GIVEN DATA:
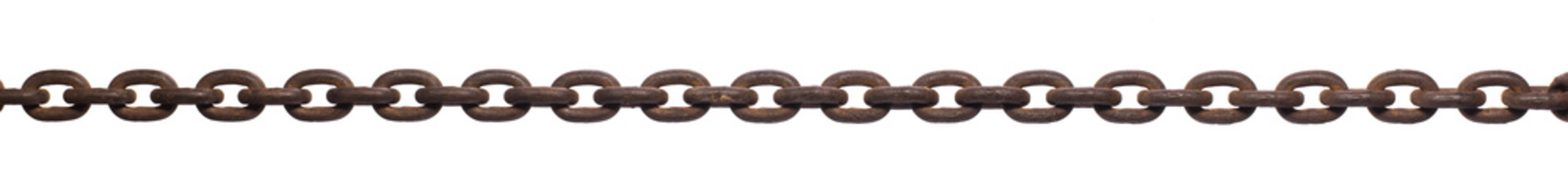 rusty powerful iron chain isolated on white background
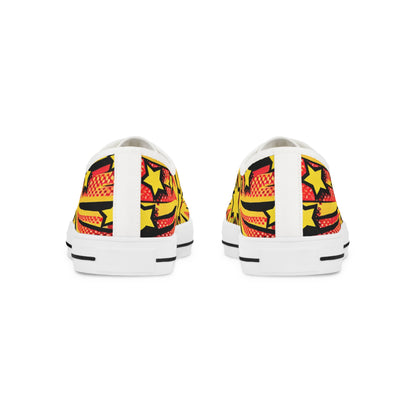Rear view of the Zara Electrobeam Men's Low Top Pop Art Sneakers in Vibrant Red with Yellow Star Design, highlighting the stylish yellow and black star accents against a striking red backdrop.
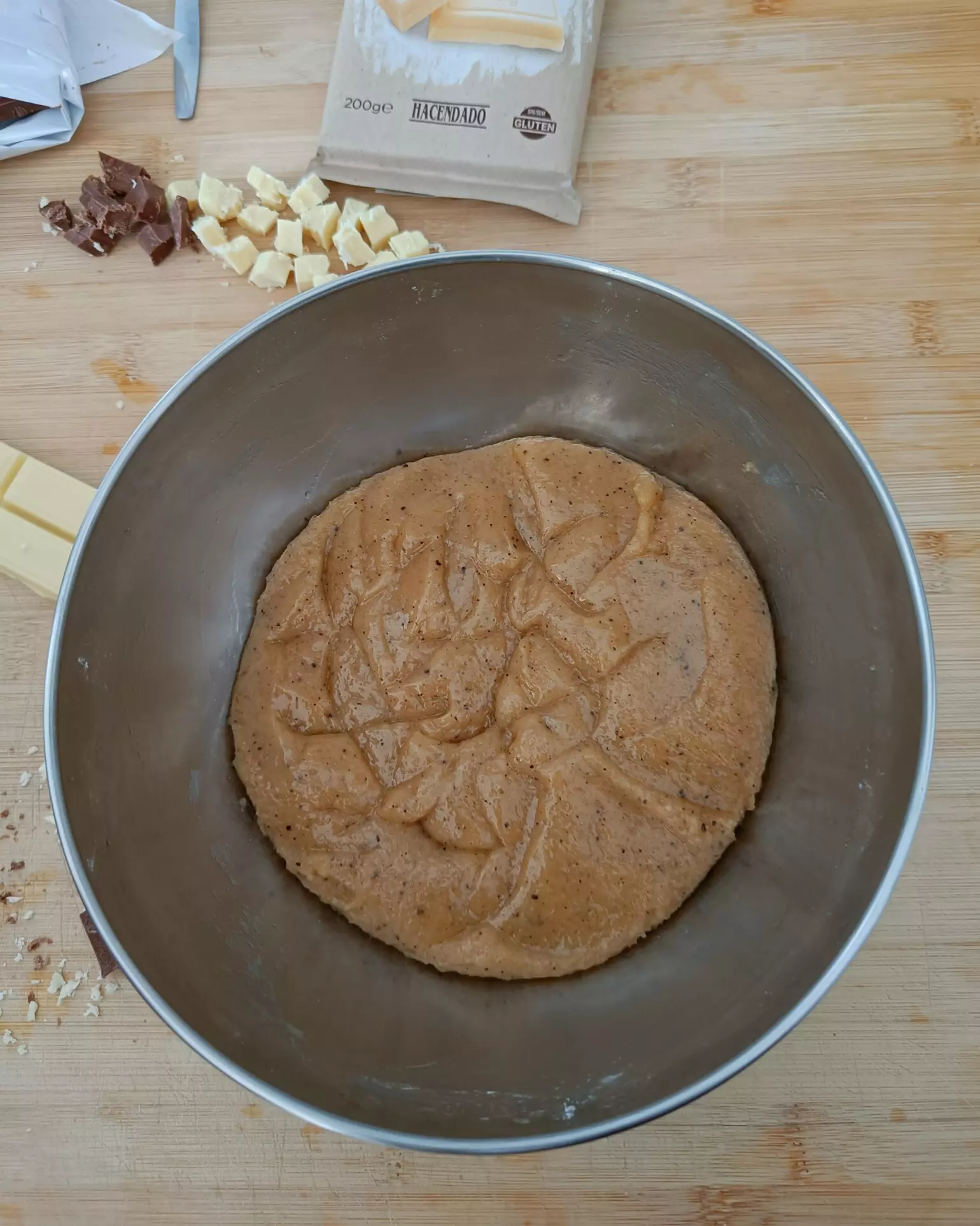 Mezclar bien la masa cookies de chocolate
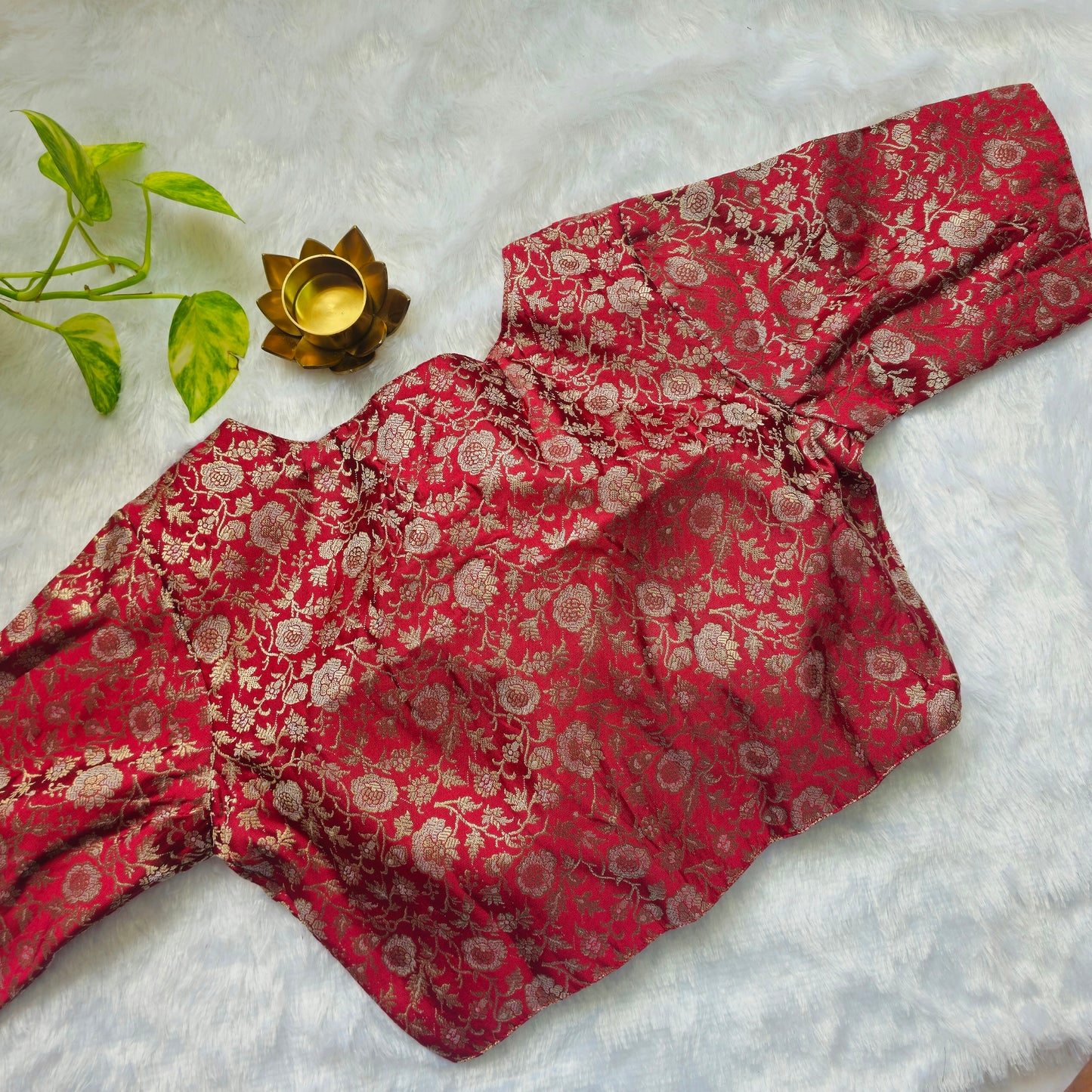 Red Brocade Blouse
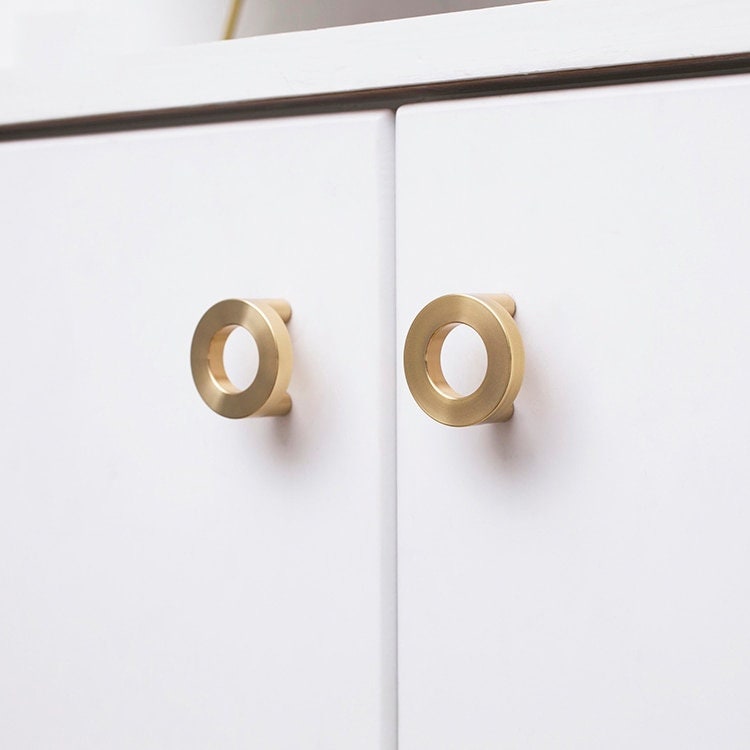 Gold brass circle cabinet handle/O shaped door handle/small circle drawer pull/circle shaped door knob/gold furniture hardware/retro handle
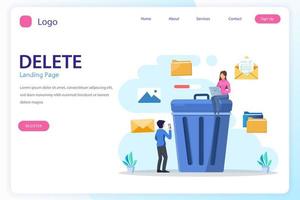 Delete concept. deleting data and move unnecessary files to the trash bin. illustration vector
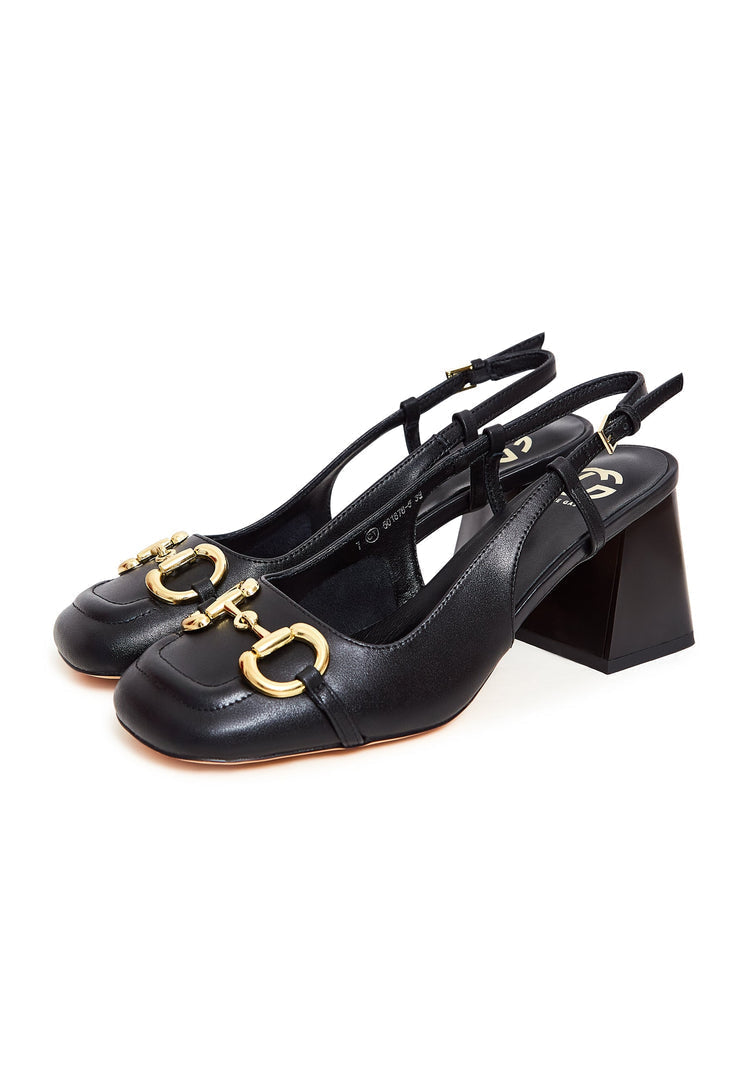 A stylish pair of black Anais block heel pumps for women, perfect for adding a touch of sophistication with their high heel design.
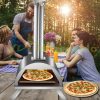 Pizza oven outdoor oven 60x40x79 cm stainless steel wood-burning pizza oven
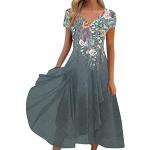 Pinke Ethno Langärmelige Maxi Kurze Abendkleider mit Gänseblümchen-Motiv aus Chiffon für Damen Größe L zum Jubiläum für den für den Sommer 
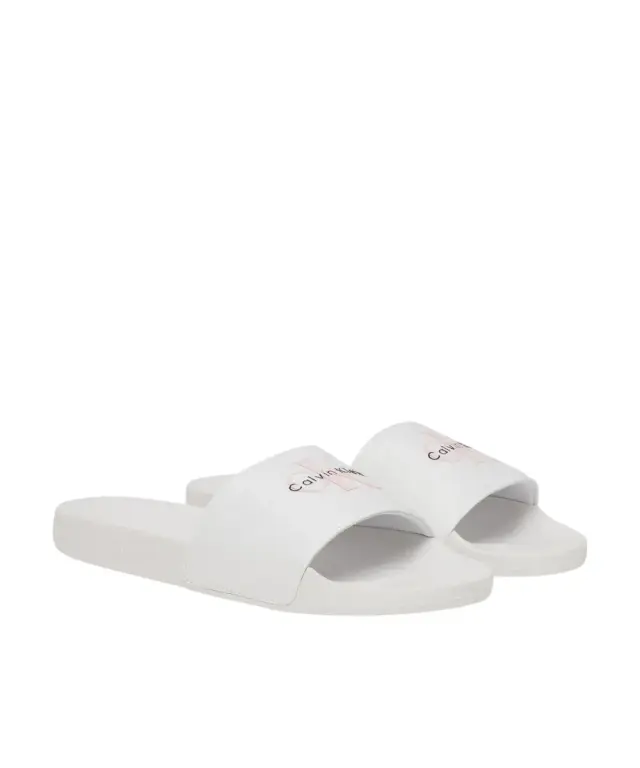 Calvin Klein – Γυναικείες Παντόφλες Monogram Wn Logo YW0YW01967-YAF Λευκό - 40 3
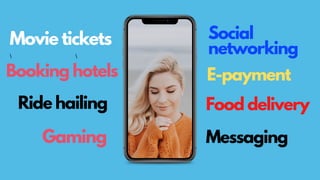 Booking hotels
Movie tickets
Social
networking
Food delivery
Gaming
Ride hailing
E-payment
Messaging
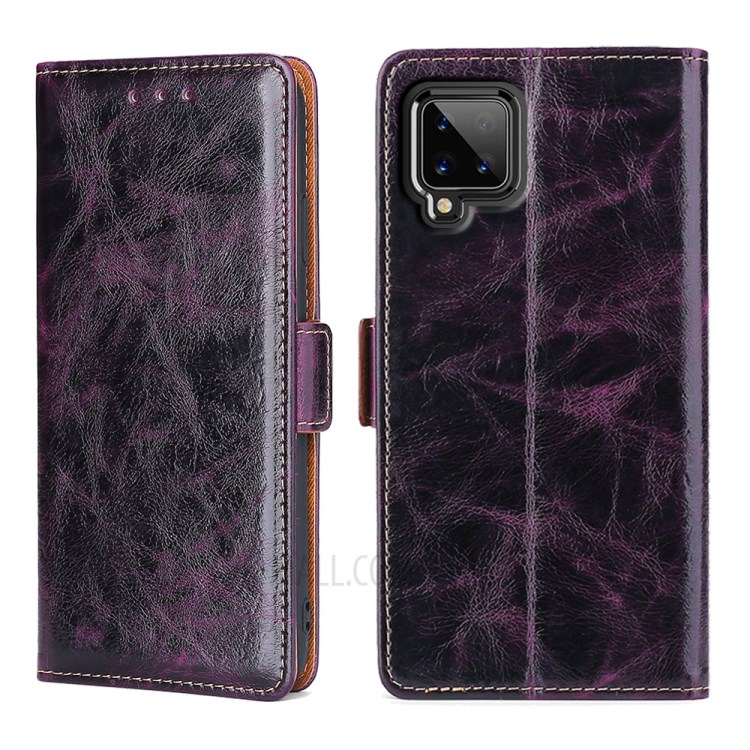 TPU + PU Leather Stand Cell Phone Case for Samsung Galaxy A42 5G - Purple-1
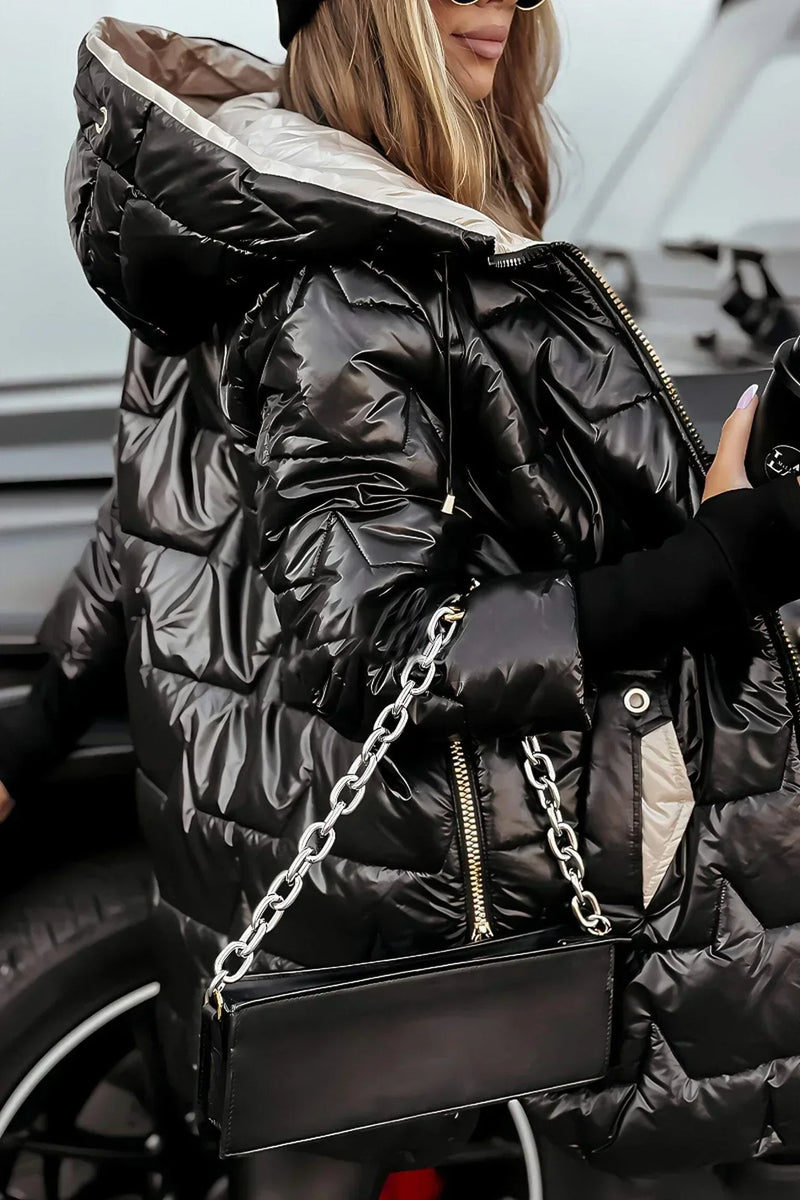 Noa - Veste d'hiver élégante avec capuche et doublure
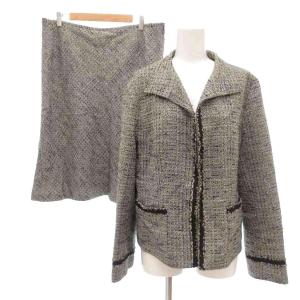 セットアップ ジャケット スカート ひざ丈 48 黒 ブラック ツイード調 /NL GY60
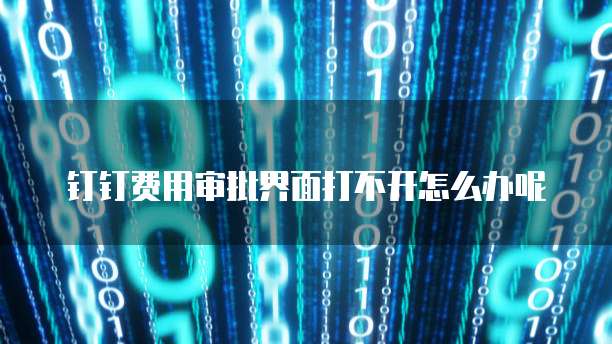 钉钉费用审批界面打不开怎么办呢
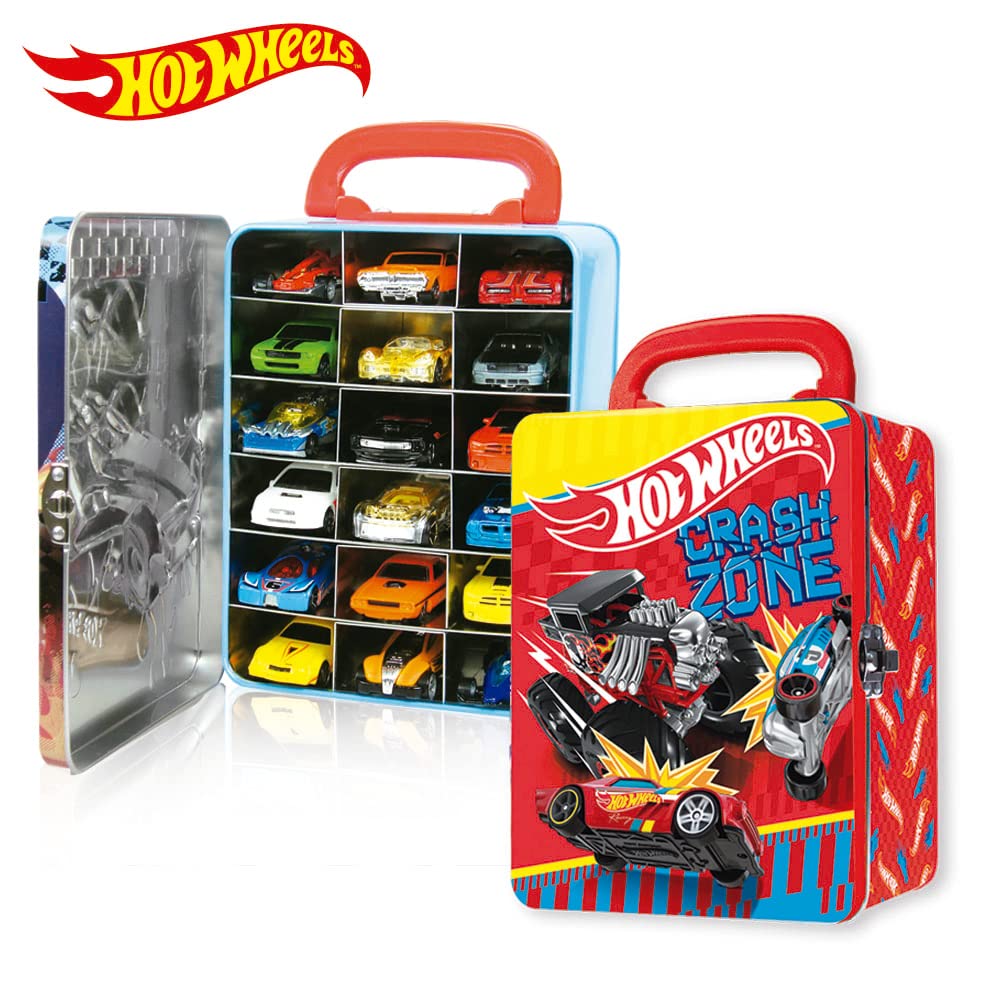 Hot Wheels 1:64 Scale cars Metal Car Carry Case I 18 Toy Storage & Organiser Gift for Collectors Kids Ages 3 Years Old Up 3D HW Race lid design (Cars not included)
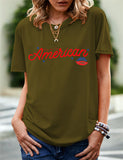 Women's Independence Day T Shirt Printed Short-Sleeved T-shirt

REQUIRED ACTION: None of the pictures should be kept; reproduce all the remaining material exactly.

ANSWER SECTION:
 rusty powerful iron chain isolated on white background
Rear view of the Zara Electrobeam Men's Low Top Pop Art Sneakers in Vibrant Red with Yellow Star Design, highlighting the stylish yellow and black star accents against a striking red backdrop.
 Mezclar bien la masa cookies de chocolate
 Red Brocade Blouse
 Gold brass circle cabinet handle/O shaped door handle/small circle drawer pull/circle shaped door knob/gold furniture hardware/retro handle
 Delete concept. deleting data and move unnecessary files to the trash bin. illustration vector
 A stylish pair of black Anais block heel pumps for women, perfect for adding a touch of sophistication with their high heel design.
 Pizza oven outdoor oven 60x40x79 cm stainless steel wood-burning pizza oven
 Pinke Ethno Langärmelige Maxi Kurze Abendkleider mit Gänseblümchen-Motiv aus Chiffon für Damen Größe L zum Jubiläum für den für den Sommer 
 Calvin Klein – Γυναικείες Παντόφλες Monogram Wn Logo YW0YW01967-YAF Λευκό - 40 3
 Booking hotels
Movie tickets
Social
networking
Food delivery
Gaming
Ride hailing
E-payment
Messaging
 TPU + PU Leather Stand Cell Phone Case for Samsung Galaxy A42 5G - Purple-1
 Noa - Veste d'hiver élégante avec capuche et doublure
 セットアップ ジャケット スカート ひざ丈 48 黒 ブラック ツイード調 /NL GY60
 钉钉费用审批界面打不开怎么办呢
 Hot Wheels 1:64 Scale cars Metal Car Carry Case I 18 Toy Storage & Organiser Gift for Collectors Kids Ages 3 Years Old Up 3D HW Race lid design (Cars not included)
 Women's Independence Day T Shirt Printed Short-Sleeved T-shirt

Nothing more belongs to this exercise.